A literatura portuguesa contemporânea tem atravessado um período de sensível mudança, notadamente na ficção, quando comparada à das décadas anteriores. No início dos anos 80, o romance português viveu um verdadeiro boom, uma resposta (para muitos tardia) à Revolução dos Cravos, de abril de 1974. Autores estreantes e veteranos ousavam formalmente, em romances que tematizavam, principalmente, a história de Portugal. É a década que viu surgirem António Lobo Antunes, Mário Cláudio, Lídia Jorge e Mário de Carvalho, além da melhor fase de José Saramago e de algumas dos maiores livros de José Cardoso Pires, Augusto Abelaira e Agustina Bessa-Luís. Predominavam, nessa produção, memórias das guerras coloniais, autobiografias ficcionais, romances históricos pós-modernos. Hoje, porém, as preocupações parecem ser outras.
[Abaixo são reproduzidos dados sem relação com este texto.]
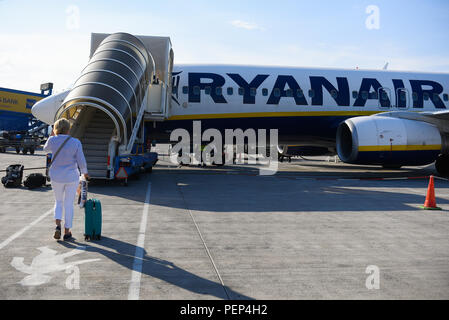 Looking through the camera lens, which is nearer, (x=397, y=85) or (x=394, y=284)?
(x=394, y=284)

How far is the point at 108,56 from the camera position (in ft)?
41.0

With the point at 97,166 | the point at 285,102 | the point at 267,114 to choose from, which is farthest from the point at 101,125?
the point at 285,102

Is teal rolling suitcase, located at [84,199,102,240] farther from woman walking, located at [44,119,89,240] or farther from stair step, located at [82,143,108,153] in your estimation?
stair step, located at [82,143,108,153]

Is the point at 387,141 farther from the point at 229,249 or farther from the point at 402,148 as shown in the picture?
the point at 229,249

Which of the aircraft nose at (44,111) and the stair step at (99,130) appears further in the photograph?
the aircraft nose at (44,111)

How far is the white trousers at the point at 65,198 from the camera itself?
5680 millimetres

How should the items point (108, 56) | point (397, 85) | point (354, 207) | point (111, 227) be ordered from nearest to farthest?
point (111, 227)
point (354, 207)
point (108, 56)
point (397, 85)

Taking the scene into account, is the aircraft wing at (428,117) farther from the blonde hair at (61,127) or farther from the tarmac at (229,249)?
the blonde hair at (61,127)

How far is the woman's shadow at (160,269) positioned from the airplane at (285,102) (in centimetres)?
634

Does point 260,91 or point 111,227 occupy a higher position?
point 260,91

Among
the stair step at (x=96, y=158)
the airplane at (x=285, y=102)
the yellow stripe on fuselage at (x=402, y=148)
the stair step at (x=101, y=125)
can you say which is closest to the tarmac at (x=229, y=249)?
the stair step at (x=96, y=158) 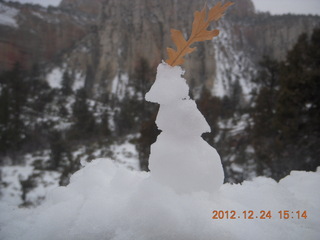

A ousadia formal não foi abandonada, mas a História não parece ser mais o tema principal, pelo menos não com a ênfase de há 20 anos.
Embora a literatura portuguesa ainda não seja publicada no Brasil com a merecida regularidade, nos últimos anos o volume de publicações tem aumentado consideravelmente. Se considerarmos apenas os autores mais jovens (digamos, na casa dos 30 anos) lançados no Brasil recentemente, temos uma lista de nomes bastante representativa do que se faz hoje em Portugal: Filipa Melo, Jorge Reis-Sá, Faíza Hayat, Gonçalo M. Tavares, José Luís Peixoto, entre outros. São autores muito diferentes entre si, de modo que seria difícil afirmar o que suas obras teriam em comum, ou quais seriam as tendências estilísticas e temáticas dessa “geração”.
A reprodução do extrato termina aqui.